Still, Dr. Pandeya persevered. In the summer of 1965, he moved his family to Des Moines, got a job with the Iowa Highway Commission, inspecting newly constructed segments of Interstate 80, and worked nights and weekend as a lab technician at Mercy Hospital.
“I and two Asian students made the minority quota,” he recalls. “The upperclassmen had done a wonderful job in gathering class notes and old examinations, which came in very handy. In the anatomy notes, they even noted the jokes the old professor used to tell and the type of response we were supposed to give. There were jokes for which we had to just clap, jokes for which we had to holler and clap and then jokes that demanded standing ovations.”
Dr. Pandeya also well remembers two people at the college “who added joy and happiness to our miserable, dull and demanding days of student life” – Gussie LaMar, an elevator operator, and Juanita Buchanan, who worked in the College Clinic and continues to work at the University as a receptionist at the DMU Clinic.
“Among other nice things they did to most of us, they were daily barometers of the foul moods of our frustrated, cantankerous teachers. They warned us if one of the teachers was in a miserable frame of mind more than the usual. They also knew our grades before the teachers posted them!”
In 1970, the American Medical Association opened membership to osteopathic physicians. Dr. Pandeya completed a surgical residency at the now-defunct Des Moines General Hospital under the tutelage of legendary surgeons Howard Graney, D.O.’33, and Norman Rose, D.O.’63. However, he continued to face discrimination as a “foreigner.”
“I had to super-specialize to survive,” he says. “There was no D.O. plastic surgeon at that time on God’s green earth, and that kind of creative work fascinated me. Every time I mentioned my desire to be a plastic surgeon, my fellow D.O.s, my teachers and my friends looked as if I had lost my mind.”
Again he persevered. He went to Sweden to complete a two-year fellowship in plastic surgery at Karolinska Hospital and Umea University Hospital. He also did rotations at the Uppsala University Hospital and all government hospitals in Stockholm.

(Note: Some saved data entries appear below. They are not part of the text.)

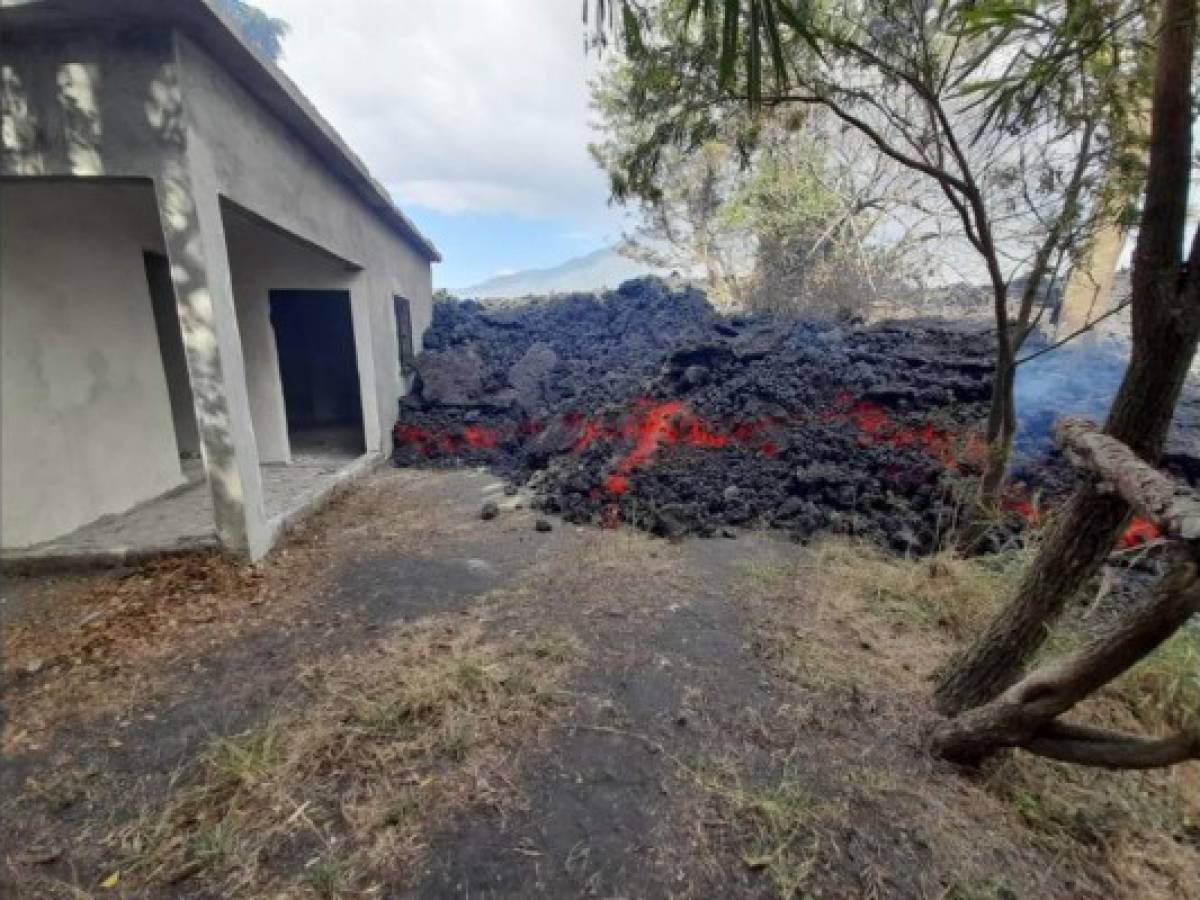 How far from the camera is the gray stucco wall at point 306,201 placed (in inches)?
128

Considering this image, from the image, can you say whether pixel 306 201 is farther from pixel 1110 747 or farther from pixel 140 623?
pixel 1110 747

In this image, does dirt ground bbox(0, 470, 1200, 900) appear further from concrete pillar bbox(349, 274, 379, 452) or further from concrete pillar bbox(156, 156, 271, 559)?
concrete pillar bbox(349, 274, 379, 452)

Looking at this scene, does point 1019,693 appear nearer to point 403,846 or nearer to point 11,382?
point 403,846

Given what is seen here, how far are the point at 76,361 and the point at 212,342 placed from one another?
1409mm

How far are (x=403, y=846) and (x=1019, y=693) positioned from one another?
196 centimetres

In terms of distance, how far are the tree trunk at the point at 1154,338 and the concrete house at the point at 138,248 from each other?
4064 millimetres

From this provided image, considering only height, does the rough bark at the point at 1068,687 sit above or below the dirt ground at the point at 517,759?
above

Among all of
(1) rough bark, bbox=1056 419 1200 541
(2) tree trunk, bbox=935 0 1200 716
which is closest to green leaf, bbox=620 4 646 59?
(2) tree trunk, bbox=935 0 1200 716

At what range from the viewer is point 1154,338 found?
69.6 inches

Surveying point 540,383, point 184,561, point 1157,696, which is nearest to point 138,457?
point 184,561

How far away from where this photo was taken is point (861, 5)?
2.77 metres

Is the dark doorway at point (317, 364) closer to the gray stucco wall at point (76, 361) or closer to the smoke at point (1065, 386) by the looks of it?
the gray stucco wall at point (76, 361)

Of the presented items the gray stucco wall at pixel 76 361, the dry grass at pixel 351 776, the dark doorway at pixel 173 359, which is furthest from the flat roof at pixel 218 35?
the dry grass at pixel 351 776

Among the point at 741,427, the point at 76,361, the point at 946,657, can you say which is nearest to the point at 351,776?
the point at 946,657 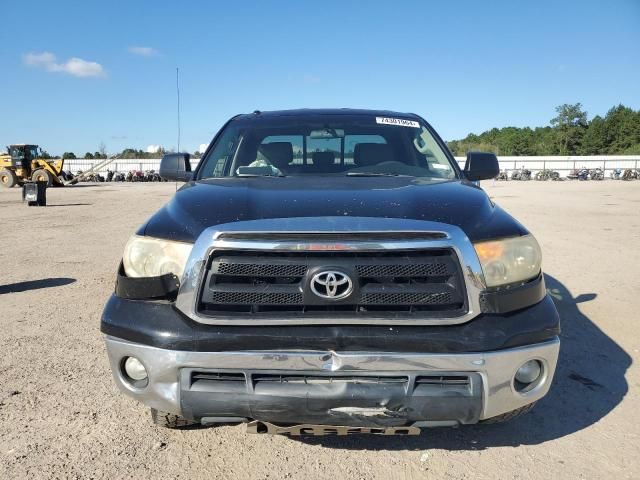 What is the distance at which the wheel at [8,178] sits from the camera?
3462 centimetres

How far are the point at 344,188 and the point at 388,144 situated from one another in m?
1.20

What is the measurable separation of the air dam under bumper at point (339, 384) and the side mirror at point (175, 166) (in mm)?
2116

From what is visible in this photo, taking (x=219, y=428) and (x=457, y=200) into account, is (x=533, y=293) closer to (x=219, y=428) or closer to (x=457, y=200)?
(x=457, y=200)

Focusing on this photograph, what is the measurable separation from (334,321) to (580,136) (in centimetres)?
12838

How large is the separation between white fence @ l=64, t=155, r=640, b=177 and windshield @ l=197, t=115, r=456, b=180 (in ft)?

“I was willing to work extra hours, so I got tremendous variety and volume in all aspects of plastic and reconstructive surgery, including hand surgery,” he says. “I trained with great plastic surgeons who were widely published and had written books; there were surgical instruments and surgical procedures devised by them and named after them.”
Dr. Pandeya went on to a distinguished career as a chief flight surgeon in the U.S. Air Force and as brigadier general and state air surgeon in the Iowa Air National Guard. He also served as clinical professor of plastic surgery at DMU and at A.T. Still University. Now retired, he looks forward to reconnecting with classmates and current students at his 50-year reunion May 22-24 in Des Moines.

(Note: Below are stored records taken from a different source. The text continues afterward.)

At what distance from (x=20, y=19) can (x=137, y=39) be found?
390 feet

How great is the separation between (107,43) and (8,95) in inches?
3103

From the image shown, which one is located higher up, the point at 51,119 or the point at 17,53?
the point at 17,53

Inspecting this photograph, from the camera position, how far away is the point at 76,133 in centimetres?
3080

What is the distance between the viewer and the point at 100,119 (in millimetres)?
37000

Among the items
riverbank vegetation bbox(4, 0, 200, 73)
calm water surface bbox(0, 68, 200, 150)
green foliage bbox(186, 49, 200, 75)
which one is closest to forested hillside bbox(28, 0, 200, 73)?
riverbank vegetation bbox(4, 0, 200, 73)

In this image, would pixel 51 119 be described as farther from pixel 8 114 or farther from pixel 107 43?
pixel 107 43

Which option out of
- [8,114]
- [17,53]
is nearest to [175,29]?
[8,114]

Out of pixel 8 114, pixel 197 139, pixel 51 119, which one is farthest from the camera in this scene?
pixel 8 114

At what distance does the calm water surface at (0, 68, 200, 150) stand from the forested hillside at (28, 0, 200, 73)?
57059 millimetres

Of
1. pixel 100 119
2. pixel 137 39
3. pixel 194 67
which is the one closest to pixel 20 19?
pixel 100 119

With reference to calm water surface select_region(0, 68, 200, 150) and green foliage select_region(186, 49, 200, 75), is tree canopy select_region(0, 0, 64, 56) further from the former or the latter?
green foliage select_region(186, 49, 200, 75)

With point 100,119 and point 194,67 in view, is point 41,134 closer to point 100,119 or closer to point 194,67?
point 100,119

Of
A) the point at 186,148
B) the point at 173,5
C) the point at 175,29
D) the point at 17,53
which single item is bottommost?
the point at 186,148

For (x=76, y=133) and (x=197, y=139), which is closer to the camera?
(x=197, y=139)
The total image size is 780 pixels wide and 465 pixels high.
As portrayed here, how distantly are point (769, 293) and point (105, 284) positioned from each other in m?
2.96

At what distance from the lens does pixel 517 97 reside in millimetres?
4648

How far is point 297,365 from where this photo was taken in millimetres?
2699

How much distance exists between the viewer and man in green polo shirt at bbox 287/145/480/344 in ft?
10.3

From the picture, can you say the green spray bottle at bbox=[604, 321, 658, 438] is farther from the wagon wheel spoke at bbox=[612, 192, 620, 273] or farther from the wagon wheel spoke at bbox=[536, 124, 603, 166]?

“To my classmates I’d say please do come to our reunion and see the new face of COMS – the changes, the new buildings and the new leadership at DMU,” he says. “Besides having fun, you and your family will see the place that helped us become what we are today. Des Moines is a new city, too – it’s changed for the better as has COMS. There’s no better way to experience it than to come see for yourself.”